Selanjutnya, kita dihadapkan lagi dengan kuliah atau kerja.

Ketika dihadapkan dengan pilihan-pilihan yang sulit, kita pun stres kembali.

Dimana kah kebahagiaan saat coret-coret seragam itu? Kebahagiaan itu semakin lama terus semakin pudar, karena hidup pun harus terus berlanjut.

Suatu hari, kita mendapatkan pengumuman bahwa akhirnya kita lulus di universitas favorit atau mendapatkan pekerjaan yang kita idam-idamkan.

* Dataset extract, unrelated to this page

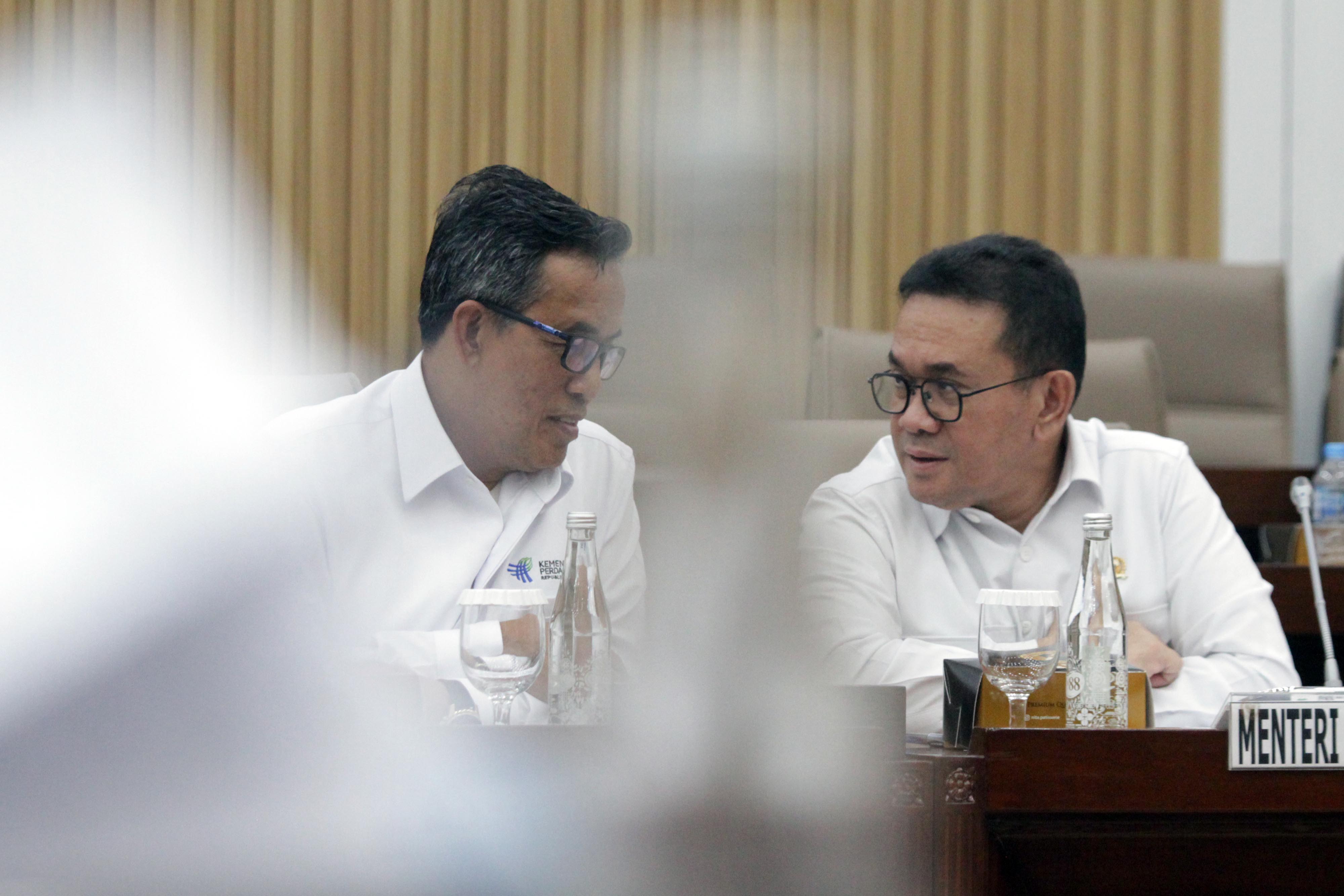 Komisi VI DPR menggelar raker dengan Menteri Perdagangan Budi Santoso membahas penyesuaian Anggaran 2026 (Ashar/SinPo.id)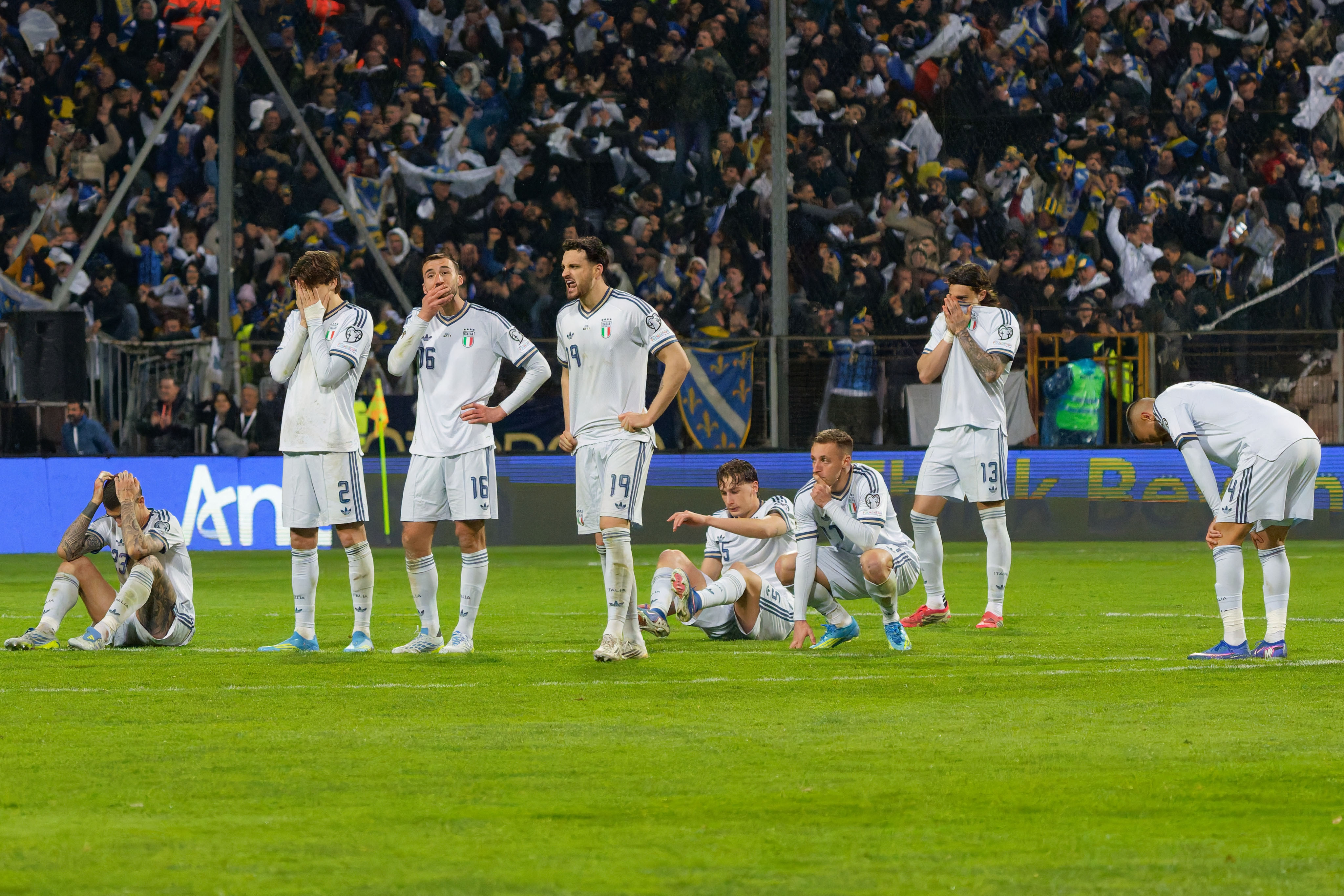 ‘Peço desculpas, não consegui’: Elenco da Itália reage à eliminação na repescagem da Copa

Kita pun bahagia lagi!

Kita pun berpikir =, "Aha, akhirnya inilah saatnya aku menjalani hidup yang membahagiakan!"

Pengumuman yang membahagiakan itu pun ternyata semu. Ada kesulitan-kesulitan semasa kuliah atau kerja, yang terkadang kala membuat kita stres. Terkadang kala juga membuat kita putus asa dan ingin berhenti dari apa yang saat ini sedang kita jalani.

Saat Kuliah atau Kerja


Untuk yang sedang kuliah, kesulitan-kesulitan pun dijalani, hingga tibalah puncak kesulitan paling dasyat tiba: skripsi. Kita pun berusaha dengan segala macam cara untuk dapat menyelesaikan skripsi, dengan bayangan..."Wah, setelah lulus aku bisa cepet kerja terus dapat duit banyak."

Setelah skripsi itu selesai dan akhirnya kita wisuda, ternyata kenyataan pun tak sesuai dengan bayangan yang indah. Harus merasakan panas-panasan kesana kemari mengikuti proses rekrutmen dan seleksi di berbagai perusahaan. Harus merasakan tidak nyamannya ketika kamu ditolak oleh perusahaan tempat kamu melamar. dan belum lagi menghadapi rasa tidak nyaman ketika tetangga mulai nyinyir.."lulusan S1 kok belum kerja sih?"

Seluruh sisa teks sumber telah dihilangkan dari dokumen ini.